(Stored dataset items)
___
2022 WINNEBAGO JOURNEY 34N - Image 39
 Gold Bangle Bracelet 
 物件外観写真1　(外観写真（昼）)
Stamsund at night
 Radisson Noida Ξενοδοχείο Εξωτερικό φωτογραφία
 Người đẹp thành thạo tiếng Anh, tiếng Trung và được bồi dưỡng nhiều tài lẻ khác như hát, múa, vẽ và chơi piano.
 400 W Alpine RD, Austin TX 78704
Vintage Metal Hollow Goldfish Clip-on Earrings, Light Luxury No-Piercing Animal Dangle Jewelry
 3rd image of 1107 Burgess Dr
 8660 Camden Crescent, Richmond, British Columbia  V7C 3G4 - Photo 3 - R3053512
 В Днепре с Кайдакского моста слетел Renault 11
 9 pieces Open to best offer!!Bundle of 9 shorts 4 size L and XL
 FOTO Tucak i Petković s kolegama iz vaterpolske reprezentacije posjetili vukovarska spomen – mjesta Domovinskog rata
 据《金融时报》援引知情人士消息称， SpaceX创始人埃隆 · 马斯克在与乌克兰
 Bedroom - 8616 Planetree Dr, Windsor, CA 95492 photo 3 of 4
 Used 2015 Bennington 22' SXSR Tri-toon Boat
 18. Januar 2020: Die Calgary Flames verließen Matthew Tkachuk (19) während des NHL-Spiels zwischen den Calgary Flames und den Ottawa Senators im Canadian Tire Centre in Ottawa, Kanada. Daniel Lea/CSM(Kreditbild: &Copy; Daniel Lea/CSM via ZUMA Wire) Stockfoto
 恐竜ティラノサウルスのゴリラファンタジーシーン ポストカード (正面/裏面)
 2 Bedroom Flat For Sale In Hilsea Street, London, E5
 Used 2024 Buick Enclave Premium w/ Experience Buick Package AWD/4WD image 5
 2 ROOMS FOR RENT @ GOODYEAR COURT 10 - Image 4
___
How to complete this task: If a line in the records above includes the string "Used", copy it.

Answer section:
 Used 2015 Bennington 22' SXSR Tri-toon Boat
 Used 2024 Buick Enclave Premium w/ Experience Buick Package AWD/4WD image 5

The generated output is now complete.